Large pre-trained language models have become the de facto standard for question answering tasks. These models implicitly store broad knowledge about the world during training on large text corpora and can provide high accuracy answers when fine-tuned to a specific task. However, they struggle if the questions are from a different distribution than the training examples. Often one observes that these model rely on simple (sometimes even spurious) patterns to offer shortcuts to the answer (cf. here).
Massive knowledge graphs such as ConceptNet, Wiki-data, Yago, or Freebase offer a principled way to infer answers from the external knowledge that is explicitly encoded as triplets. However, they are hard to apply if one cannot easily translate the question into a logical query, as it is the case if the question are given i natural language.
The paper [Zha22G] tries to combine both worlds to improve the quality of question answering systems. They fine-tune a pre-trained language model that processes the question and pre-trained graph neural network that processes the knowledge graph which are both run in parallel. This is not the first incarnation of the idea, but it differs in the way the two systems interact. While previous approaches allowed only limited interaction between the two systems, e.g. by combining both output representations in the end, the new approach allows the two systems to interact after each layer.
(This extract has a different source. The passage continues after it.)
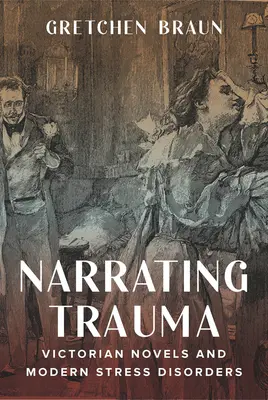 Die Erzählung vom Trauma: Viktorianische Romane und moderne Belastungsstörungen - Narrating Trauma: Victorian Novels and Modern Stress Disorders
This is done via an additional interaction token as input for the language model and an additional interaction node as input for the knowledge graph. After each layer, the representations of the interaction token and node are put together into a mixer module that computes the interaction inputs for the next layer.
The idea is independent of architectures and can be used with any pre-trained language model and graph neural network. In fact, the authors conduct extensive experiments with several SOTA language models to validate that their method consistently improves the performance wrt. vanilla fine-tuned language models. Additionally, they find that their approach is even able to outperform strong models that have up to 8x more parameters.